A l’heure où les mesures protectionnistes et les tarifs douaniers fleurissent comme des coquelicots dans un champ de luzerne, il est peut-être intéressant de se remémorer les fondements du protectionnisme. Friedrich List, économiste allemand grand contradicteur d’Adam Smith, concevait le protectionnisme comme une période transitoire permettant aux entreprises nationales de s’adapter à la concurrence internationale. Il l’appelait d’ailleurs “protectionnisme éducateur”. C’est d’ailleurs probablement la philosophie derrière le système chinois qui impliquait le transfert de technologie, qui limitait l’implantation capitalistique en Joint Venture et qui contraignait le rapatriement des profits hors de Chine pour les entreprises étrangères.

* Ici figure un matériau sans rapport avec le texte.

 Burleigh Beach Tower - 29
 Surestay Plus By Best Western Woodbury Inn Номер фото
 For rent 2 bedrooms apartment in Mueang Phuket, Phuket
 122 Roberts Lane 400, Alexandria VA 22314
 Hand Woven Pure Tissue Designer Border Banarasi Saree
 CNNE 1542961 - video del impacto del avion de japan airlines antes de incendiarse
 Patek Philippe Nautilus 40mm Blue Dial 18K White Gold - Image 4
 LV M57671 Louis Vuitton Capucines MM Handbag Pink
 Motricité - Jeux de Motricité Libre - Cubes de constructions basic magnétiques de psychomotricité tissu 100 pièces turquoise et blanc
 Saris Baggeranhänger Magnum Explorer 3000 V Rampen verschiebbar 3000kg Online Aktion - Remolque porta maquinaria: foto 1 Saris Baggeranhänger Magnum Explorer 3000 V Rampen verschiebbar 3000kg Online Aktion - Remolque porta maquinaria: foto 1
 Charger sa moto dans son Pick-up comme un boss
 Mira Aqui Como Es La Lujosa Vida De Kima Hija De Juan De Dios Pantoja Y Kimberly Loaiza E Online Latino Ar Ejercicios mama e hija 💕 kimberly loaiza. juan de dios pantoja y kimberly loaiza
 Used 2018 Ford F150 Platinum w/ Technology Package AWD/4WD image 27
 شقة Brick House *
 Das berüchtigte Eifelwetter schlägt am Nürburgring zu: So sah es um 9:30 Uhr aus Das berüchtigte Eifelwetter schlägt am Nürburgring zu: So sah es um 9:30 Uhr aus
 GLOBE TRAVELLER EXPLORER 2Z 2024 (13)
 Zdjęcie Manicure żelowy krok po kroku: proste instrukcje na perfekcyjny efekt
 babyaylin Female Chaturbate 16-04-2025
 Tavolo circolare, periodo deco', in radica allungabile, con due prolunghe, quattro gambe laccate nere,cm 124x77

La réponse protectionniste américaine n’est pas le fruit d’un protectionnisme éducateur. En réaction à une Chine de plus en plus conquérante, il vise à contraindre les contreparties commerciales des Etats-Unis à retourner la valeur ajoutée sur leur sol et à permettre à America Inc. de mieux pénétrer les autres zones économiques. Il est difficile d’y voir un bienfait pour l’économie mondiale qui fonctionne sur les deux piliers de la consommation et de la circulation des biens et des individus. En effet, les consommateurs seront les grands perdants du protectionnisme car les prix des biens et services seront plus élevés et leur accès plus ardu. Or, la consommation est aujourd’hui la clé de voûte des économies dites libérales. Le statut de consommateur se confond d’ailleurs souvent avec le statut de citoyen. La Chine, dont 40% du PIB dépend de la consommation (contre 36% en 2008), est désormais traversée par les mêmes tendances que les économies capitalistes. Une étude récente de Mac Kinsey sur le consommateur chinois révèle que, comme le consommateur américain ou européen, les millenials chinois seront les portes étendards de la création de richesse et les relais de croissance à moyen terme.
“Happiness Seekers”, “Spenthrifts”, “Success Seekers” constituent des profils désormais mondiaux qui orientent les modes de consommation dans les domaines tels que le luxe, la digitalisation, le confort, la mobilité, le tourisme, le sport ou la santé. Les peuples, fortement perturbés et culturellement ébranlés par la globalisation et la virtualisation du monde, sont confrontés au dilemme suivant : Consommation ou Protection. Dans leurs votes, ils ont dans certains pays (Etats-Unis, Grande-Bretagne, Italie) plus ou moins consciemment exprimé le besoin, l’envie des deux et l’anxiété de les perdre aussi. Pourtant, ce sont parfois deux objectifs difficilement conciliables au même moment et sans consentir de sacrifices.
Pour les investisseurs, il faut aussi désormais évoluer avec agilité dans ce nouveau paradoxe tiraillant quitte à perdre un peu de performance au profit d’un meilleur contrôle du risque.
Texte achevé de rédiger le 8 juin 2018 par Igor de Maack, Gérant et porte parole de la Gestion.